What is needed: Your task is to filter the data below down to the lines holding "Outdoor".

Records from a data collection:
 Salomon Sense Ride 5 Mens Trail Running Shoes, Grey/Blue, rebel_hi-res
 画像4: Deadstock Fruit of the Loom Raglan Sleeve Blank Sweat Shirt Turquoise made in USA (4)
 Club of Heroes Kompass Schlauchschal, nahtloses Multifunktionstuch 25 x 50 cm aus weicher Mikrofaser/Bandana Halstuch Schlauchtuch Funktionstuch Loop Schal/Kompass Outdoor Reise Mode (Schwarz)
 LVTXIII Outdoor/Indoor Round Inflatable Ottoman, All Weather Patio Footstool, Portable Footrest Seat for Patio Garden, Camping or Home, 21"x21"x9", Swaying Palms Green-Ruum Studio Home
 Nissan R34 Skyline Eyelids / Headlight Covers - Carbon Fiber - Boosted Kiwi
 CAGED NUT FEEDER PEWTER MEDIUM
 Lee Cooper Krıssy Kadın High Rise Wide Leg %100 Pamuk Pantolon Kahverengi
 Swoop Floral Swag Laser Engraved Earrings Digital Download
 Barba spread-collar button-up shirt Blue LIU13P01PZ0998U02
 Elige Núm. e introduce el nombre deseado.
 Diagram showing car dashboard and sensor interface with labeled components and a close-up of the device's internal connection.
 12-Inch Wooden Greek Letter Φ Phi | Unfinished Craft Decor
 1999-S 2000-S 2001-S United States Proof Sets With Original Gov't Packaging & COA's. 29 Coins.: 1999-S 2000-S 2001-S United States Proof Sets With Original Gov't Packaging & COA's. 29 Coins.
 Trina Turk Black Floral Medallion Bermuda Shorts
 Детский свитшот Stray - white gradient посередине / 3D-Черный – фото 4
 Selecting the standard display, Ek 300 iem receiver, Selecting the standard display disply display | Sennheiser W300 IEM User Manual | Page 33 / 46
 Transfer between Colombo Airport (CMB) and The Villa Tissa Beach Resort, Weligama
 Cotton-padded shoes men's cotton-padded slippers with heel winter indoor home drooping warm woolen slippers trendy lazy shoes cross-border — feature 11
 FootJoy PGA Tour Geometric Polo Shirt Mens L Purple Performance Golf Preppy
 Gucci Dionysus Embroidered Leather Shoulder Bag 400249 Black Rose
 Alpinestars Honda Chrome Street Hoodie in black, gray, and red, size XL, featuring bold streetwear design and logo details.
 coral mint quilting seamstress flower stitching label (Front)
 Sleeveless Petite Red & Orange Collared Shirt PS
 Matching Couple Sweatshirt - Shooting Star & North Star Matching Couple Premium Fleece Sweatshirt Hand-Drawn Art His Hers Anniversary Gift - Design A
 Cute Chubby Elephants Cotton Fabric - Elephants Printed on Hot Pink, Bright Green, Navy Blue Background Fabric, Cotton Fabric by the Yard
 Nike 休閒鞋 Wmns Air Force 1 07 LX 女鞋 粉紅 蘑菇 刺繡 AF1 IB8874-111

Written answer:
 Club of Heroes Kompass Schlauchschal, nahtloses Multifunktionstuch 25 x 50 cm aus weicher Mikrofaser/Bandana Halstuch Schlauchtuch Funktionstuch Loop Schal/Kompass Outdoor Reise Mode (Schwarz)
 LVTXIII Outdoor/Indoor Round Inflatable Ottoman, All Weather Patio Footstool, Portable Footrest Seat for Patio Garden, Camping or Home, 21"x21"x9", Swaying Palms Green-Ruum Studio Home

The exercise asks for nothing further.